Data>
= = = =
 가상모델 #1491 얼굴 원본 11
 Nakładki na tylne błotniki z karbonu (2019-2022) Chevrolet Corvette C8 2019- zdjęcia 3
= = = =
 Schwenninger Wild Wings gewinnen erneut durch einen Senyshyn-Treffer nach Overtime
= = = =
Work item> Would you please copy, word for word, everything above from the line containing "가상모델 #1491 얼굴 원본 11" down to the line containing "Nakładki na tylne", those two lines included?

Answer space>
 가상모델 #1491 얼굴 원본 11
 Nakładki na tylne błotniki z karbonu (2019-2022) Chevrolet Corvette C8 2019- zdjęcia 3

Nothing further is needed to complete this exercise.